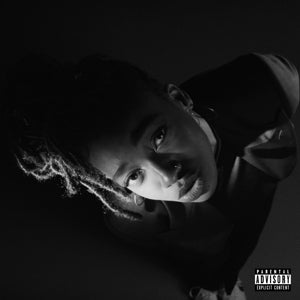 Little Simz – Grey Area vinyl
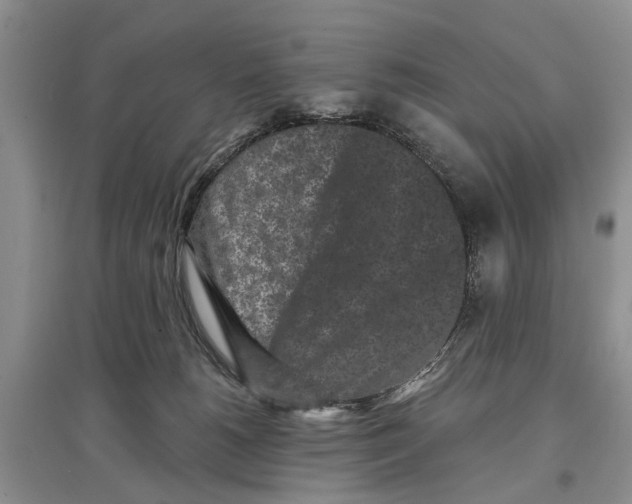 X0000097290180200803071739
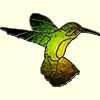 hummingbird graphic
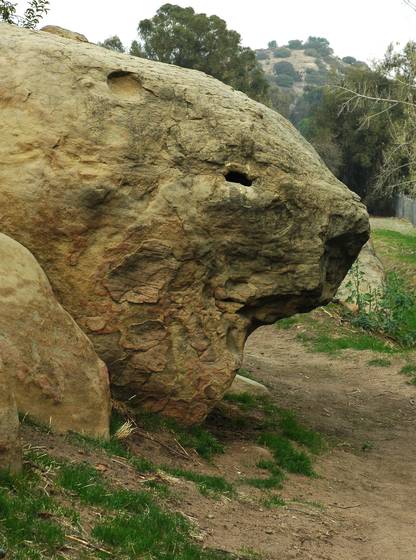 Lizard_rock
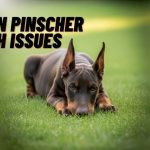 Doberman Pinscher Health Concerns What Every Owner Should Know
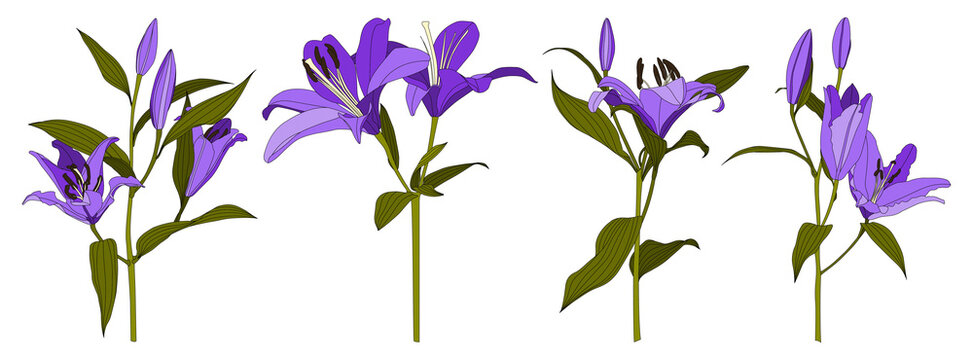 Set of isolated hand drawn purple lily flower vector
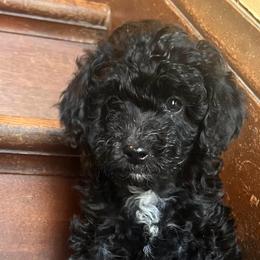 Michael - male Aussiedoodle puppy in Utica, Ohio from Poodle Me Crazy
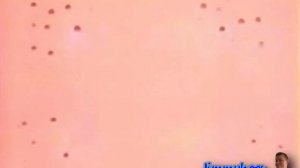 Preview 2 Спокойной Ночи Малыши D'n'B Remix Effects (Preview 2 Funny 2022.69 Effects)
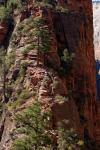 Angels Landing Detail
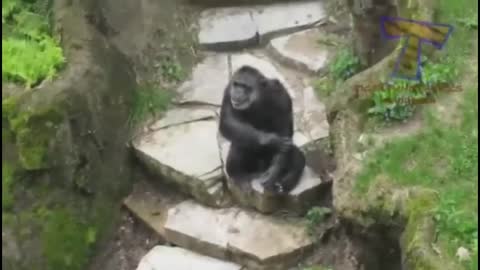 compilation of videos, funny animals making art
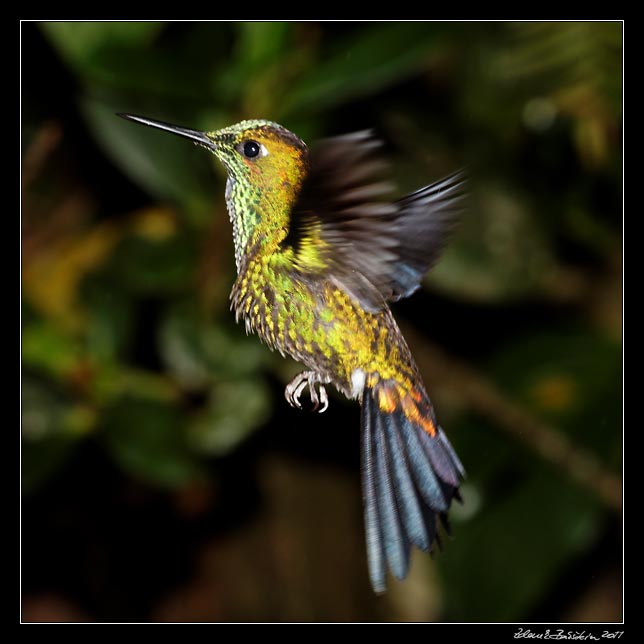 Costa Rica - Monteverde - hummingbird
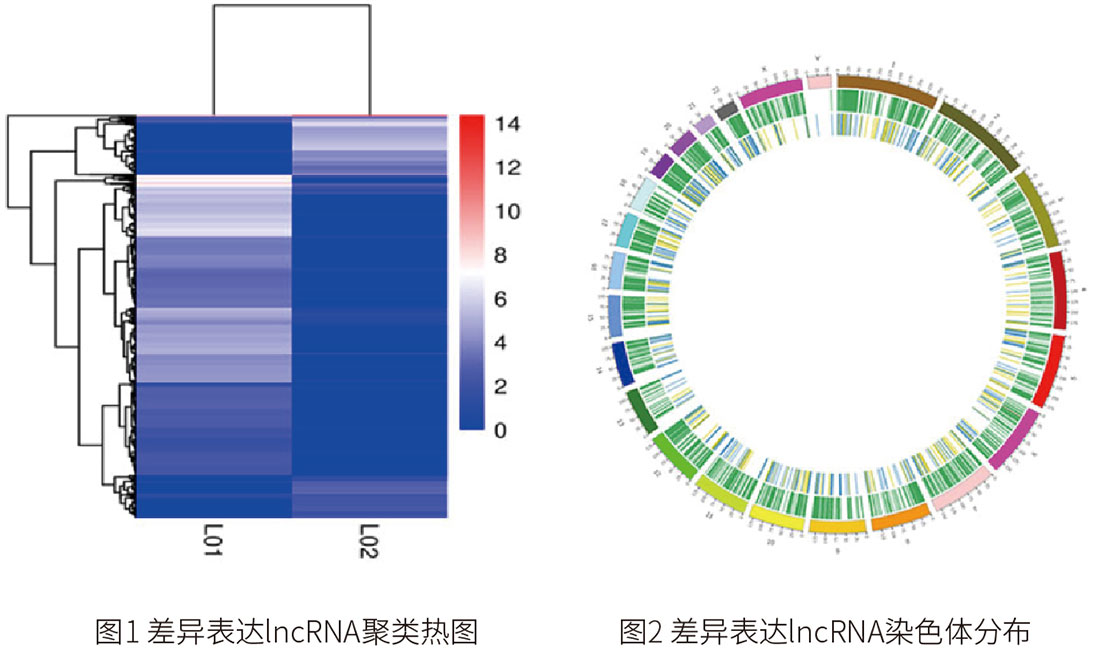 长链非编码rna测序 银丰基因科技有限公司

▬▬▬▬▬▬

__TASK__
Copy the listing word for word, excluding its pictures.

__WRITTEN RESPONSE__
 Little Simz – Grey Area vinyl
 X0000097290180200803071739
 hummingbird graphic
 Lizard_rock
 Doberman Pinscher Health Concerns What Every Owner Should Know
 Set of isolated hand drawn purple lily flower vector
 Michael - male Aussiedoodle puppy in Utica, Ohio from Poodle Me Crazy
 Preview 2 Спокойной Ночи Малыши D'n'B Remix Effects (Preview 2 Funny 2022.69 Effects)
 Angels Landing Detail
 compilation of videos, funny animals making art
 Costa Rica - Monteverde - hummingbird
 长链非编码rna测序 银丰基因科技有限公司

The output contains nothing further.